Provide a verbatim copy of all the records below, leaving the images out.

--------------------

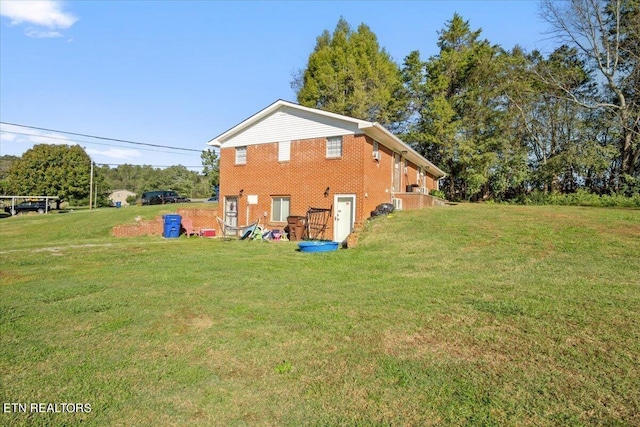 view of home's exterior featuring a yard and brick siding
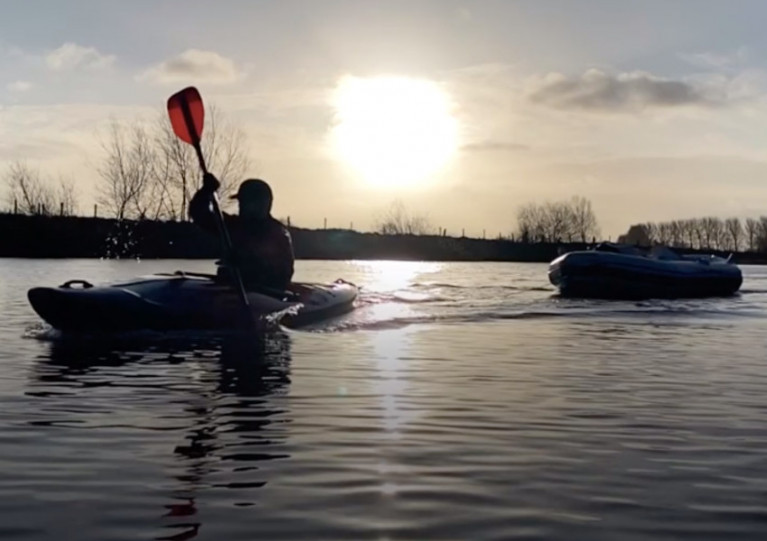 Kayaker John Medlow and his dinghy on the River Bann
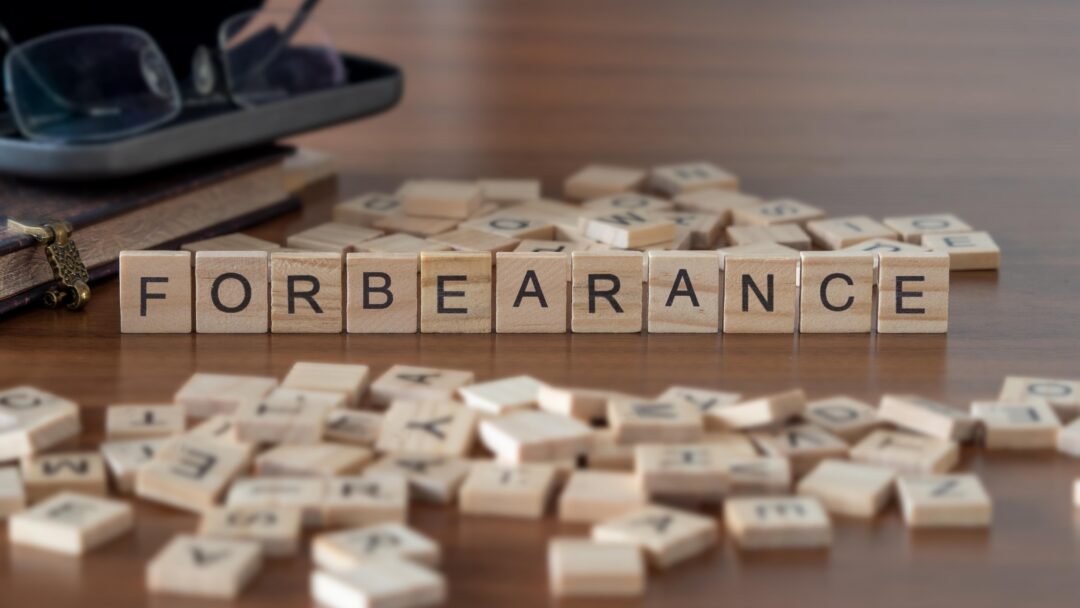 Wooden letter blocks spelling "FORBEARANCE" on a table surrounded by scattered letter tiles, books, and eyeglasses.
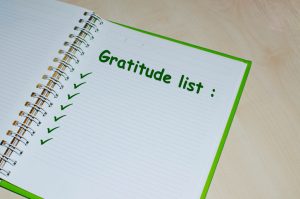 Gratitude list on open green agenda over wooden background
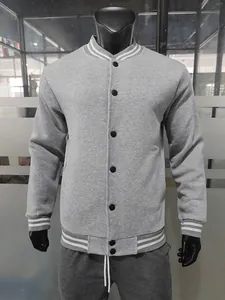 Close-up of grey men's fleece varsity jacket with white striped ribbed collar and cuffs.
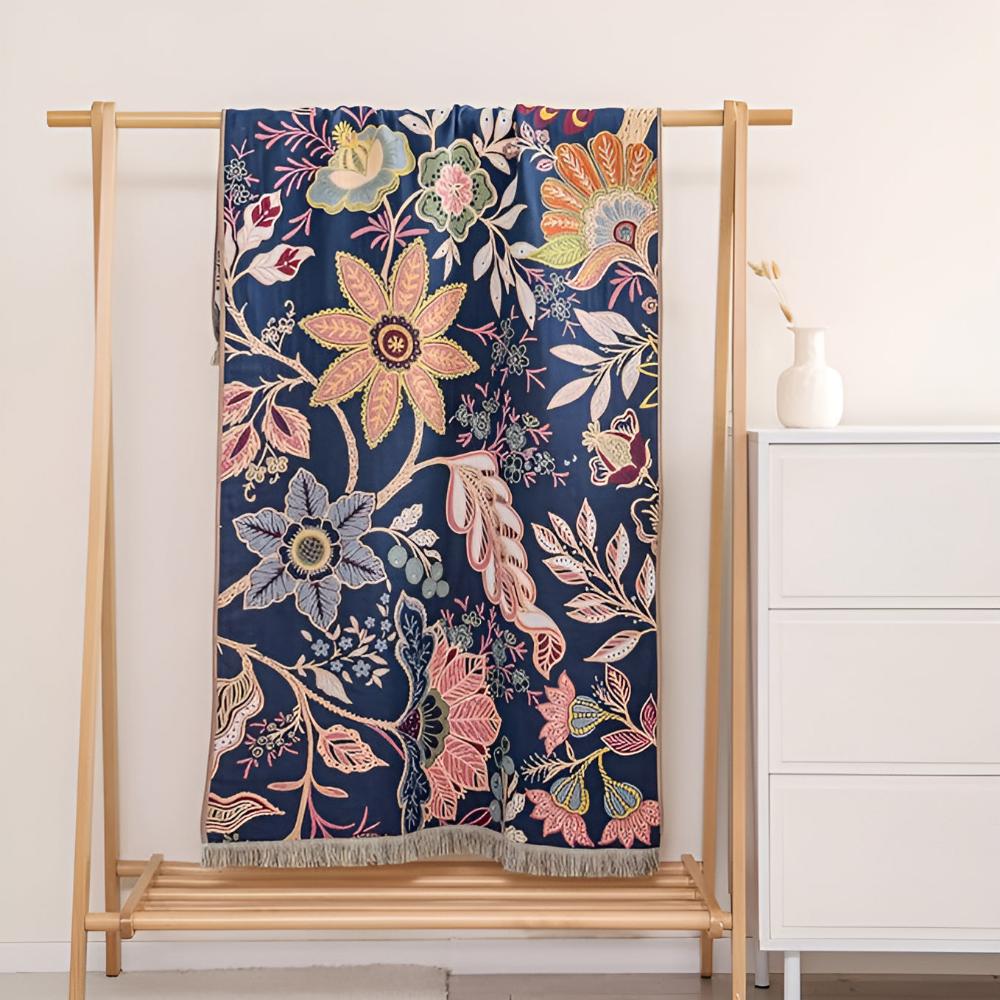 Navy blue cotton towel with a vibrant floral print in pink, orange, and blue, hanging on a wooden rack.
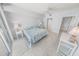 A bright bedroom featuring a comfortable king bed, tile floors, and an en-suite bathroom at 4767 S Atlantic Ave # 404, Ponce Inlet, FL 32127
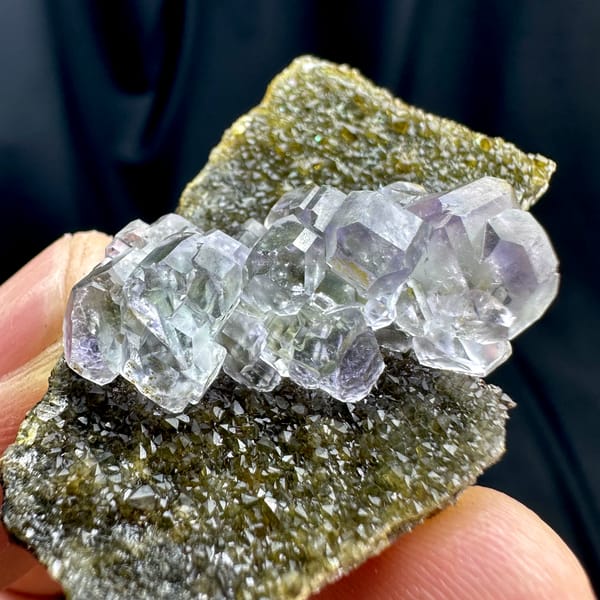 Glassy blue-green stepped fluorite cubes on olive quartz from Fujian, China, top view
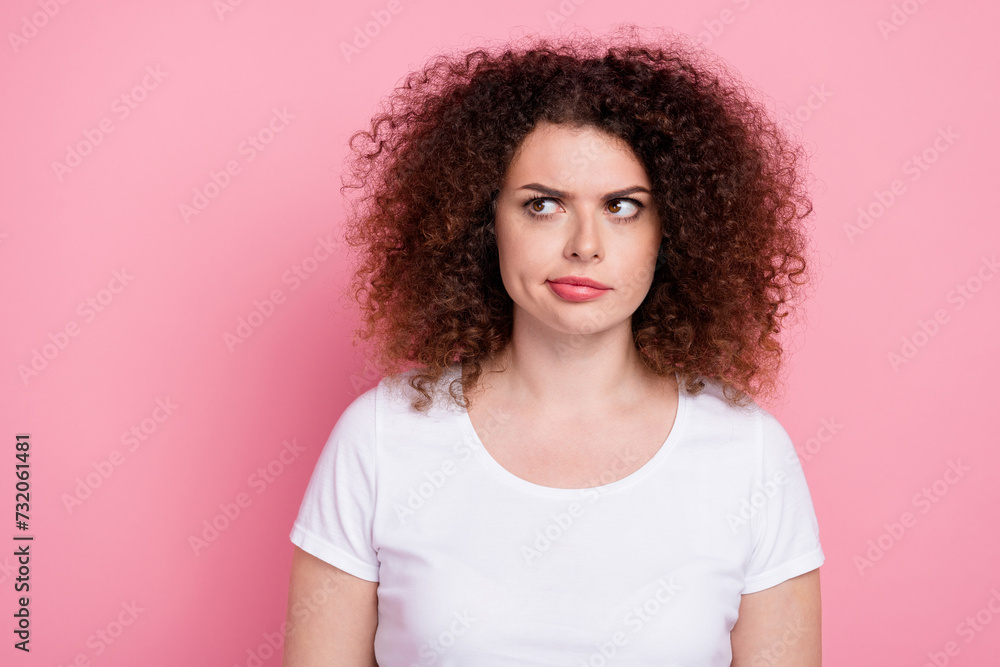 Photo of pensive woman with perming coiffure dressed white t-shirt look at proposition empty space isolated on pink color background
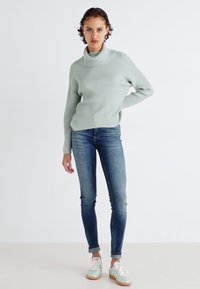 Lys grønn ribbet høyhalset genser, kombinert med smale blå jeans og lys grønne sneakers. Teksturen er myk, med en avslappet passform.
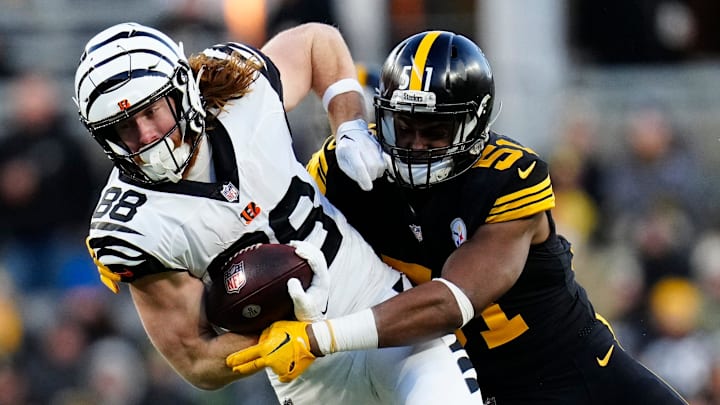 Cincinnati Bengals tight end Hayden Hurst (88) is brought down by Pittsburgh Steelers linebacker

--------------------

> [Answer for the task]
 view of home's exterior featuring a yard and brick siding
 Kayaker John Medlow and his dinghy on the River Bann
 Wooden letter blocks spelling "FORBEARANCE" on a table surrounded by scattered letter tiles, books, and eyeglasses.
 Gratitude list on open green agenda over wooden background
 Close-up of grey men's fleece varsity jacket with white striped ribbed collar and cuffs.
 Navy blue cotton towel with a vibrant floral print in pink, orange, and blue, hanging on a wooden rack.
 A bright bedroom featuring a comfortable king bed, tile floors, and an en-suite bathroom at 4767 S Atlantic Ave # 404, Ponce Inlet, FL 32127
 Glassy blue-green stepped fluorite cubes on olive quartz from Fujian, China, top view
 Photo of pensive woman with perming coiffure dressed white t-shirt look at proposition empty space isolated on pink color background
 Lys grønn ribbet høyhalset genser, kombinert med smale blå jeans og lys grønne sneakers. Teksturen er myk, med en avslappet passform.
 Cincinnati Bengals tight end Hayden Hurst (88) is brought down by Pittsburgh Steelers linebacker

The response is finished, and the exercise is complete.